Are you going to be treating or tricking this year? Help the young people in your neighborhood make better choices by offering healthier snacks and fun treats instead of sugar and fat-laden sweets.
Julie Paul, registered dietitian with WakeMed Endocrinology & Diabetes, commented that no candy is really great for you. “You are not going to get nutritional value out of candy. For Halloween, focus on the experience instead of the candy. Seek out special Trunk or Treat events in your community, visit a pumpkin patch, decorate your house, dress up your pets, carve a spooktakular pumpkin, or create a really fun costume.
On Halloween night and the day after, do not allow children to go on a candy binge. Ask them to pick out a few treats and put the rest away for later. Better yet, have them trade the candy in for a special toy or privilege. Most children eventually forget about the candy, and parents, this is also not an open invitation to take care of the leftovers.”

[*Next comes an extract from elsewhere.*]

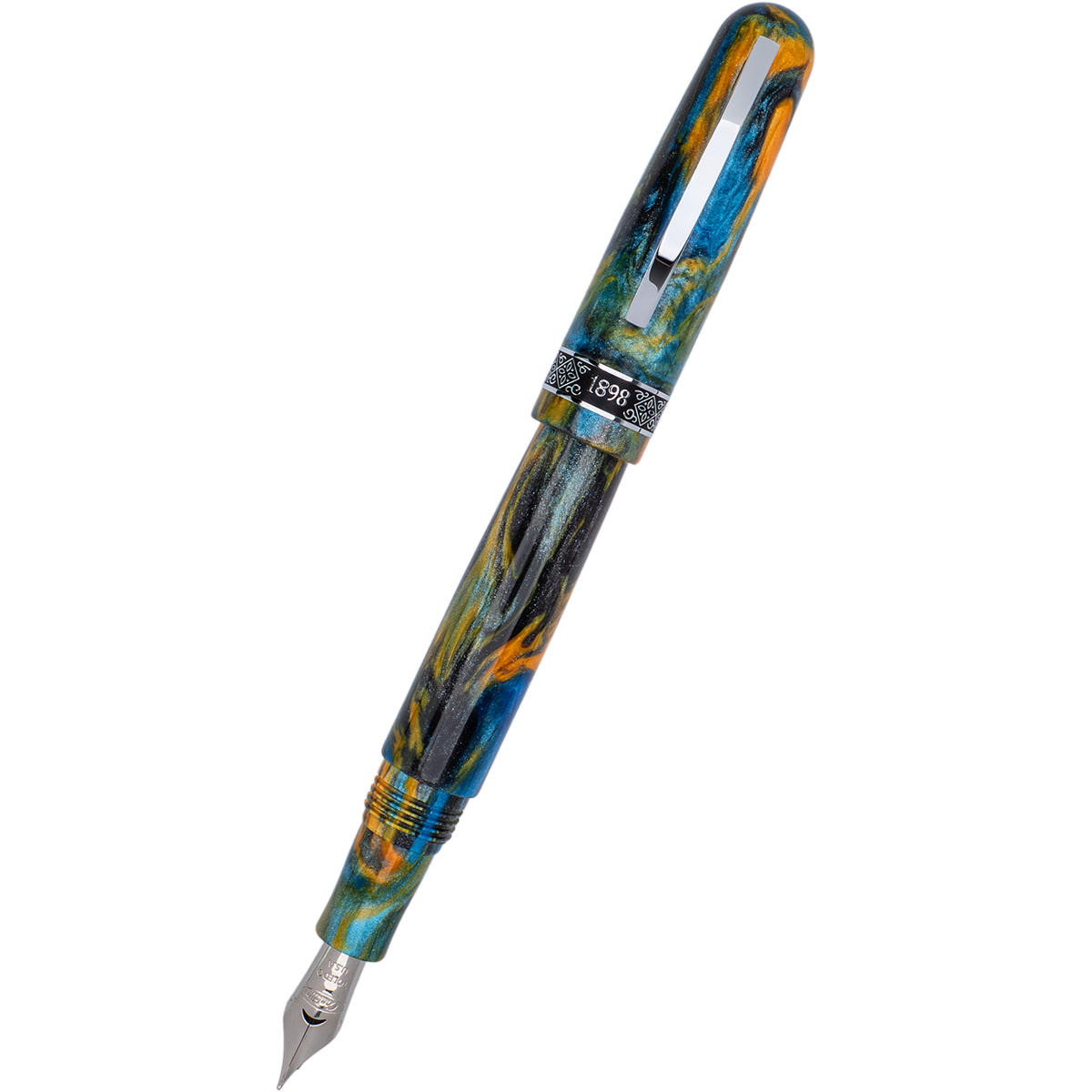 Conklin 1898 Fountain Pen - Ken's Mix - Steel Nib (Limited Edition) - Pen Boutique Ltd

Give-away ideas that probably won’t result in your house being toilet papered or egged this weekend include:
Glow sticks, bracelets, necklaces
LED finger lights
Bracelet or necklace beading kits
Coloring pages or coloring books
If food is your preference, these options are better choices than the traditional candy.
Small packages of Goldfish or other crackers
Individually wrapped granola bars
Sugar-free hot chocolate packages
Microwave popcorn 100-calorie packs
Clementines or other small oranges
Pre-packaged apple slices
Scarrots – baby carrots repackaged for Halloween. (You may still get rolled, but at least you can take comfort in the fact that Scarrots are carrot marketing at its best.)